Nissan's assembly plant in Canton, Mississippi, has been the target of UAW organization efforts for well over a year now.
That activity is likely to end, at least for the near future. The 3,500 workers at the plant which makes the Altima, NV, Titan, Murano, and Frontier voted overwhelmingly to reject the UAW's efforts at unionizing the labor workforce.
This may be a watershed moment for the UAW as they have been overwhelmingly incapable of establishing a strong presence in the U.S. South which has been a hot-spot of foreign automotive manufacturing for nearly two decades.

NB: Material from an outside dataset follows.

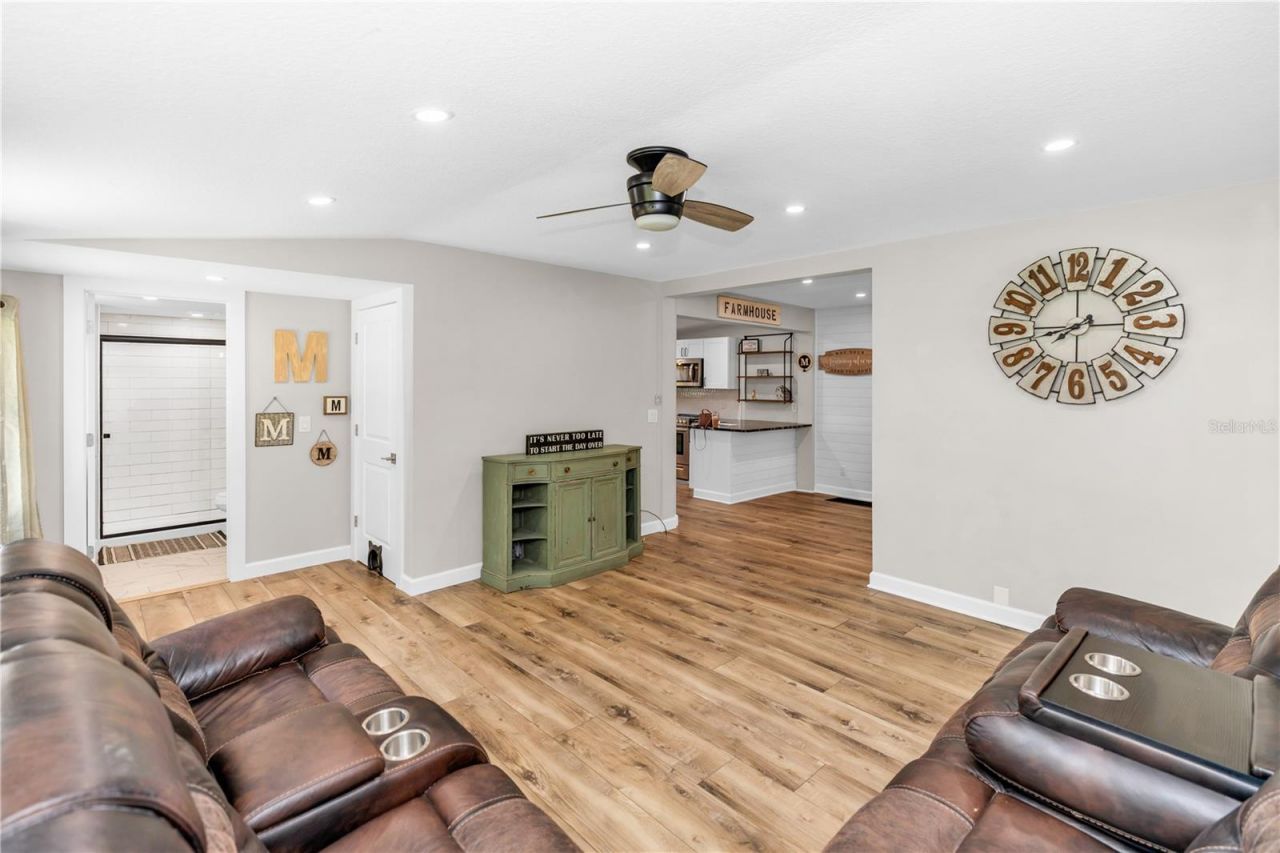 162 W Park Street, Lake Helen, FL 32744 Photo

Toyota, Nissan, BMW, Mercedes, Honda, Volkswagen, Hyundai, and Kia now collectively employ over 30,000 workers in the southern states, and the only successful effort the UAW has been able to muster is a small group of approximately 150 employees at the Volkswagen plant in Chattanooga. This group represents less than 1% of those who can vote in a union that has represented American workers since the 1930s.
This time the UAW aligned themselves with a rather eclectic group of supporters - from Danny Glover to Bernie Sanders.
Yet despite the efforts of the populist and the (once) popular, the Canton plant voted by well over a 60% margin to remain a non-union operation. The UAW is now in a far weaker position with domestic automakers as they head to upcoming negotiations with GM, Ford, and Chrysler with a shrinking union base and virtually no organization successes for the entire decade.